Our question is: Are we adequately informed about this critical issue? How well have our foreign correspondents and our newspapers served us on the Berlin crisis? Well Mr. Daniel, we've just heard you quoted as saying that responsible people feel a real danger in the Berlin crisis, but that this is not much reflected in the news. Won't you discuss that?
Daniel:
Mr. Lyons, not so long ago Senator Mansfield made a very important speech in the Senate on the Berlin issue and our policy concerning Germany and Berlin, and I want to quote to you briefly a couple of sentences from that speech.
Senator Mansfield said: "I express to the Senate my belief that just ahead lies the most critical period which the United States will have had to face since the conflict in Korea. The crisis is coming in Germany. Specifically, it is coming in Berlin. Indeed, it may have already begun."
Now, after that statement was printed, I picked up my morning newspaper the next day – I happened to be out of town – I found nothing on the front page of that newspaper that I thought would reflect the sense of crisis about which Senator Mansfield had spoken so forcibly in the Senate the day before. I find that, generally speaking, this is true in the American press.

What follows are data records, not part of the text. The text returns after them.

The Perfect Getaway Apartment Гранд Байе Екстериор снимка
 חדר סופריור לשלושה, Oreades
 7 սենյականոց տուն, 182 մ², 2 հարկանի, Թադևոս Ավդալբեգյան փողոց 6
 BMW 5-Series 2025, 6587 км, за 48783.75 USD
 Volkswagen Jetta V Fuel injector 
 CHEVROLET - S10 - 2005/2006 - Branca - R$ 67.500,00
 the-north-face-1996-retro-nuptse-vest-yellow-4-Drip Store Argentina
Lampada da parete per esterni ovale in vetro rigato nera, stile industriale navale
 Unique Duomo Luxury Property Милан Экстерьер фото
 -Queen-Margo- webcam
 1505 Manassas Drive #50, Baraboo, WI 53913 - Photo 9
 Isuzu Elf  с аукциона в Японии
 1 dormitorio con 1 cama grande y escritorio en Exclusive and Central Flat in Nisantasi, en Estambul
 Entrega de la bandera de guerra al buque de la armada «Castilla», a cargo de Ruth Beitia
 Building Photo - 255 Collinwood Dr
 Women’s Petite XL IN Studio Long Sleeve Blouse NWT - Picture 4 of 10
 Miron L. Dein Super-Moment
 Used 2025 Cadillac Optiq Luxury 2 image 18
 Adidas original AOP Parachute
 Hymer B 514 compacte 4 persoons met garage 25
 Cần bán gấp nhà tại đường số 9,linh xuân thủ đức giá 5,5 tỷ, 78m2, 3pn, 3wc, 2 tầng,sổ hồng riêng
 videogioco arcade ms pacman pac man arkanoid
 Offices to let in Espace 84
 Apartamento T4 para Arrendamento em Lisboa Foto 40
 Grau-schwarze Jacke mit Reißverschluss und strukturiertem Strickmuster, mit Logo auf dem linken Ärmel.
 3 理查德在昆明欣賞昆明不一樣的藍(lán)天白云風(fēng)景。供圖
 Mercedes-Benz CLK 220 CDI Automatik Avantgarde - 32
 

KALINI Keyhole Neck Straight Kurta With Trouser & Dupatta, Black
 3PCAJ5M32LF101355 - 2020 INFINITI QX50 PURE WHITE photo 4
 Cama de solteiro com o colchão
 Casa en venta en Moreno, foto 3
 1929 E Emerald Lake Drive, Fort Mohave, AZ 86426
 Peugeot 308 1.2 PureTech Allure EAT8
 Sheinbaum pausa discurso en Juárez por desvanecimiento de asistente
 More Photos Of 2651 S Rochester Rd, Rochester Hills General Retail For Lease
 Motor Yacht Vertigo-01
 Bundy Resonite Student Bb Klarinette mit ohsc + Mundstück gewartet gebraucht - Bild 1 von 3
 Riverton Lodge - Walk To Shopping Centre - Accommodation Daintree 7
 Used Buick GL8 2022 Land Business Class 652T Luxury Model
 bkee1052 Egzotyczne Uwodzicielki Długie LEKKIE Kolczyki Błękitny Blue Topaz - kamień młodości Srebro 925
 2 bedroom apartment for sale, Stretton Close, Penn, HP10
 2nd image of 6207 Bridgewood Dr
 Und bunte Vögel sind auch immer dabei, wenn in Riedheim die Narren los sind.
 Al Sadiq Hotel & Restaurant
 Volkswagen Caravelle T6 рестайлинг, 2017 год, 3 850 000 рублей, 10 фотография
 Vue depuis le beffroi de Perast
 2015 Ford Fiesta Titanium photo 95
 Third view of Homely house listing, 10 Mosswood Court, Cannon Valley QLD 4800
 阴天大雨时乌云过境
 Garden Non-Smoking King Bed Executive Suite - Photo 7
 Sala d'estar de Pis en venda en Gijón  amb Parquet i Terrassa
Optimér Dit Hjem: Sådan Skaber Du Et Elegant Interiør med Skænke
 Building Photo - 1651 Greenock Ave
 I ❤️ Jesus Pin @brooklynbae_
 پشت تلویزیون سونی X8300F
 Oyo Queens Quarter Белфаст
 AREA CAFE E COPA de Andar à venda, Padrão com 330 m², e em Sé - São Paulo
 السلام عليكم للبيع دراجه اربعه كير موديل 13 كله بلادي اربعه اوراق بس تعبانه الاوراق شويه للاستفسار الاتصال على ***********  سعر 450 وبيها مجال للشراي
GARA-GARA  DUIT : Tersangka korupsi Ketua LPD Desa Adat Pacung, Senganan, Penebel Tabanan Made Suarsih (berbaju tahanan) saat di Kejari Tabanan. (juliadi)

We are facing some of the gravest issues of our time, and yet one doesn't see these things adequately reported in the newspapers – adequately, in my opinion. But I want to criticize not only the press in that respect but perhaps also our leaders in the Administration and in Congress as well. One doesn't see the seriousness of the times reflected either in the White House or in the halls of Congress.
Lyons:
Thank you, Mr. Daniel, we want to get into that further. But first, Mr. Warburg, you have been quoted here as saying that the press has presented the facts on the Berlin problem, but that editorially it supported what you call a bankrupt policy on the part of our government. Won't you explain that?
Warburg:
Let me say first that I agree entirely with what Mr. Daniel has just said. What I mean by that is, when I say "press," I mean newspapers, radio, and television. And I mean newspapers running all the way from The New York Times to the tabloids that cater to entertainment rather than to information. So you're talking about a wide range. Taking an over-all look, I would say that the press gives the American people, if they are willing to look for it, adequate information about what is actually happening.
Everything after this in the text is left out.